━━ Supplied data

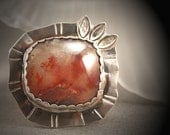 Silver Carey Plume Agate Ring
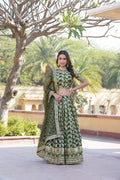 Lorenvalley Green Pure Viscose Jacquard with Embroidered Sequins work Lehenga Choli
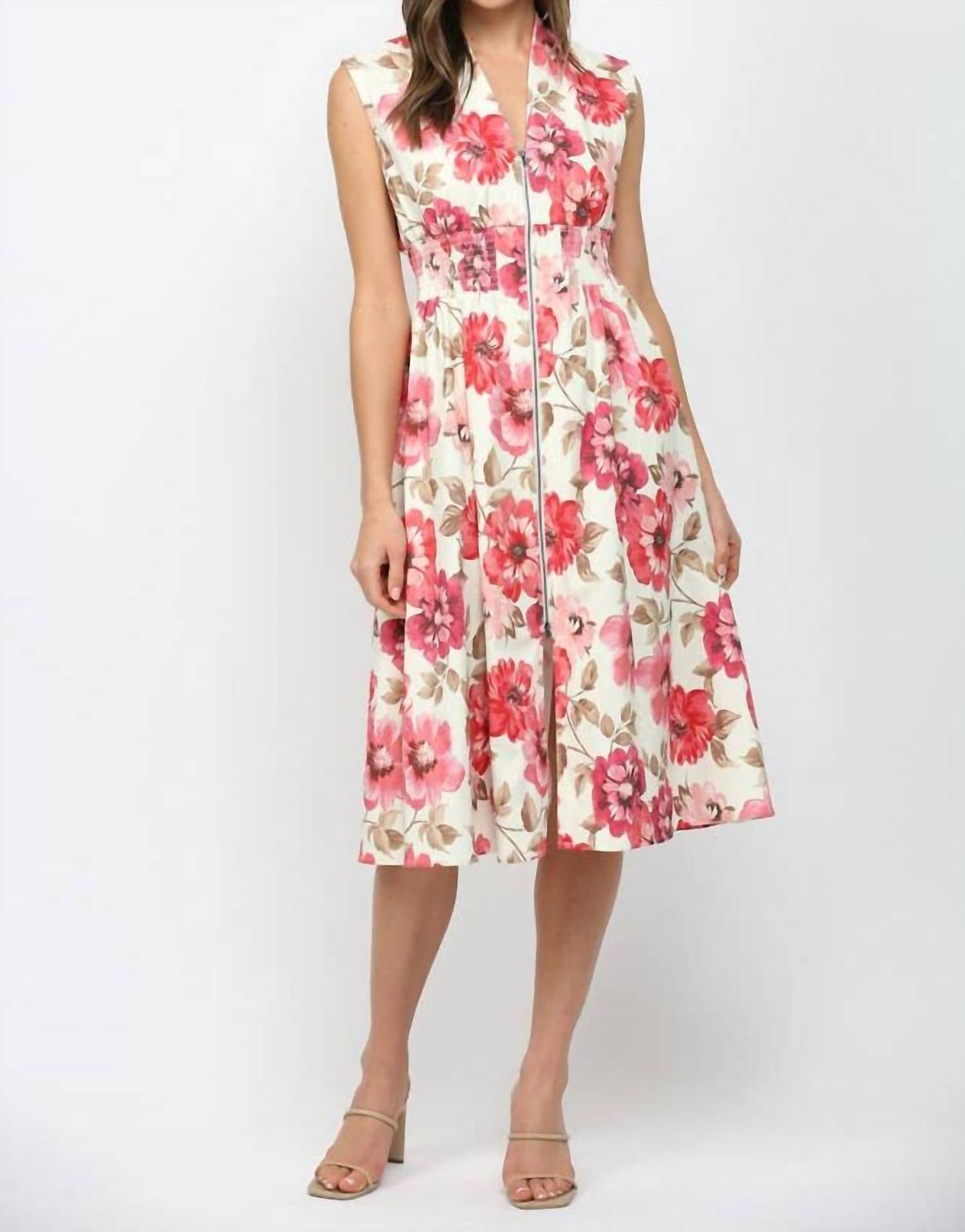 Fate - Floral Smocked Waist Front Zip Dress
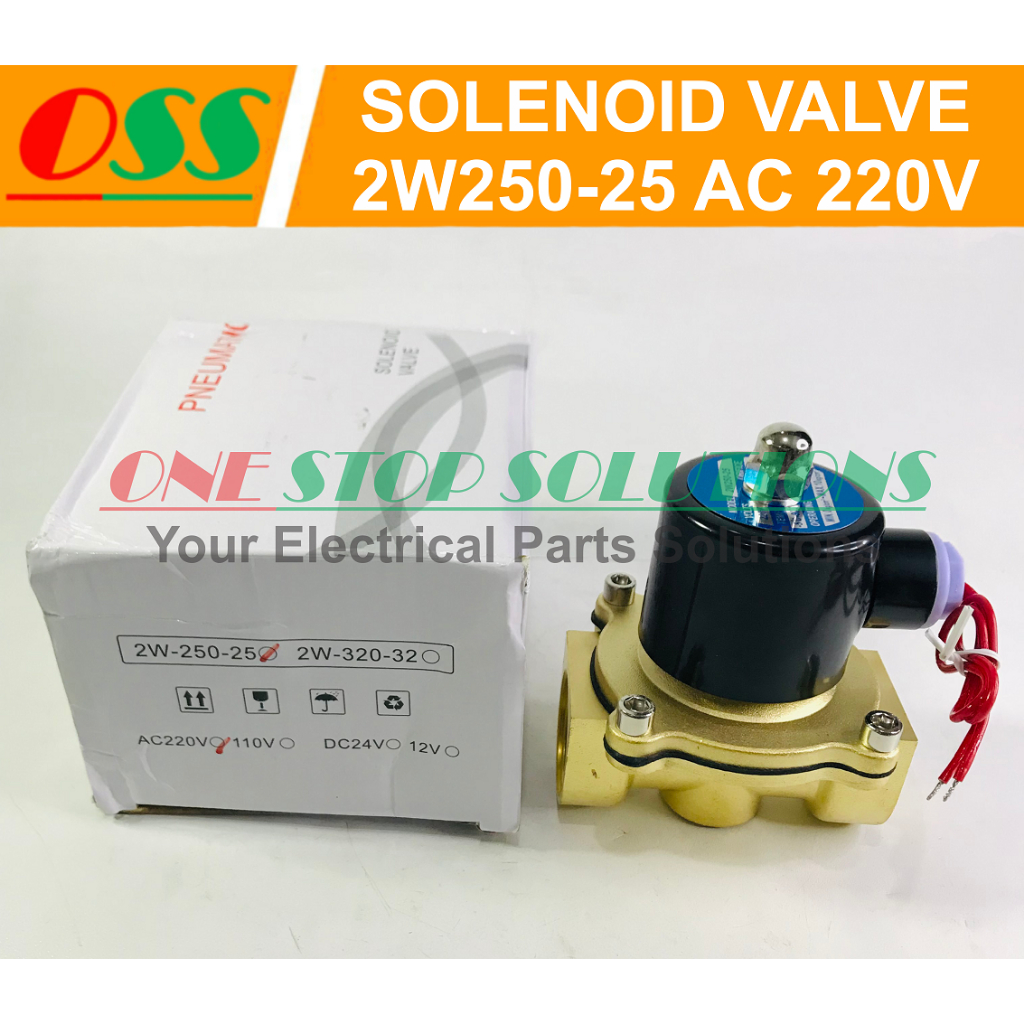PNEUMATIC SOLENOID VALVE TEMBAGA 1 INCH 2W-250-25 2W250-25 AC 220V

━━━━
━━ Supplied data

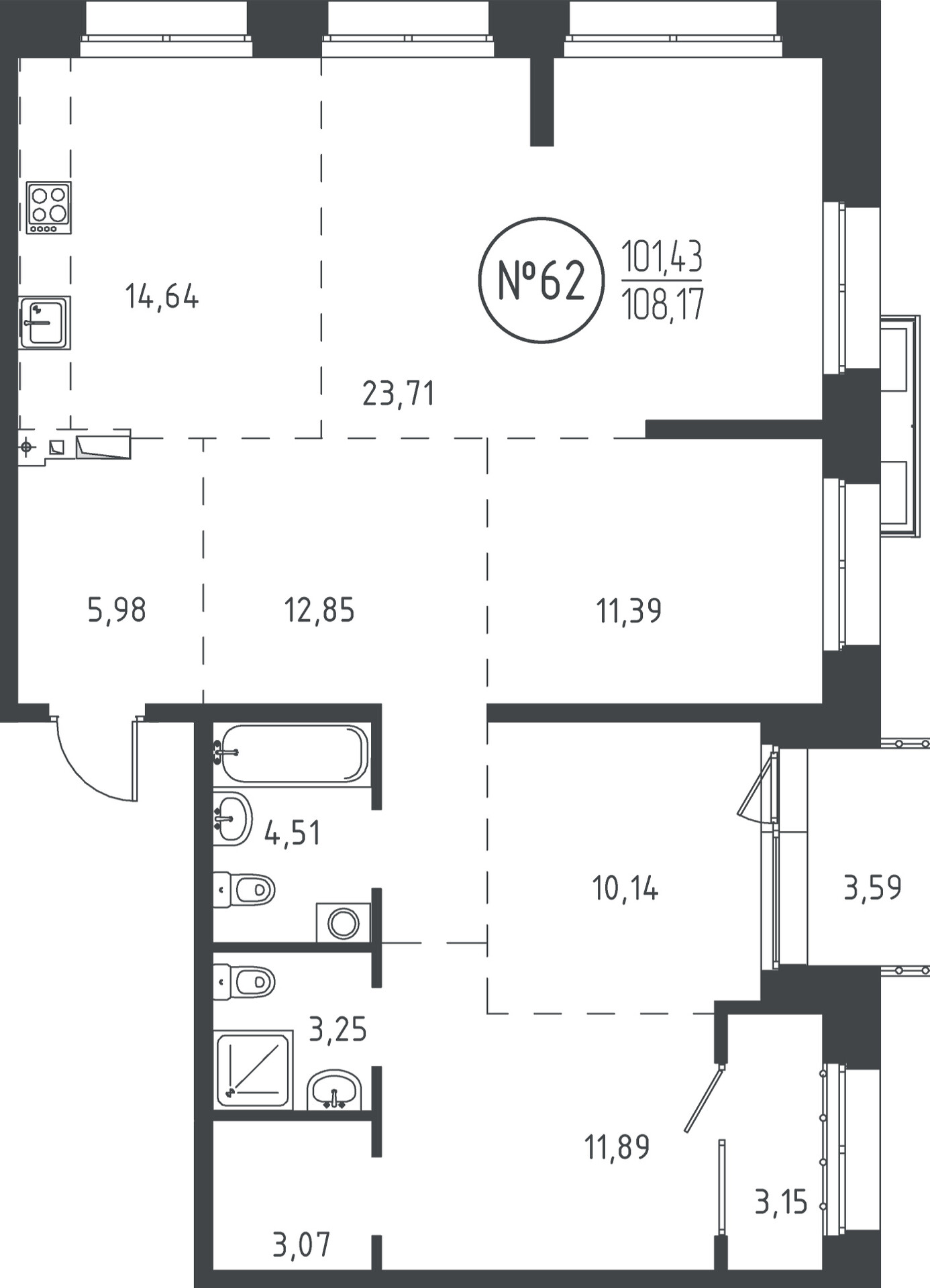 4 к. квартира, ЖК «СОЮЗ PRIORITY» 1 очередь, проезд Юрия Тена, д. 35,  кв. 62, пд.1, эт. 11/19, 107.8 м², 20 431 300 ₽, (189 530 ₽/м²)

━━━━
━━ Supplied data

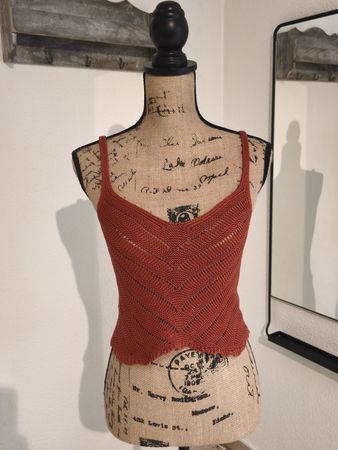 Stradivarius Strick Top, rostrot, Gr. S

━━━━

* What you need to do
Print the part of the listing above that opens with the line containing "Silver Carey Plume Agate Ring" and closes with the line containing "PNEUMATIC SOLENOID VALVE". Copy it exactly, both ends included, and omit the pictures.

* Expected answer
 Silver Carey Plume Agate Ring
 Lorenvalley Green Pure Viscose Jacquard with Embroidered Sequins work Lehenga Choli
 Fate - Floral Smocked Waist Front Zip Dress
PNEUMATIC SOLENOID VALVE TEMBAGA 1 INCH 2W-250-25 2W250-25 AC 220V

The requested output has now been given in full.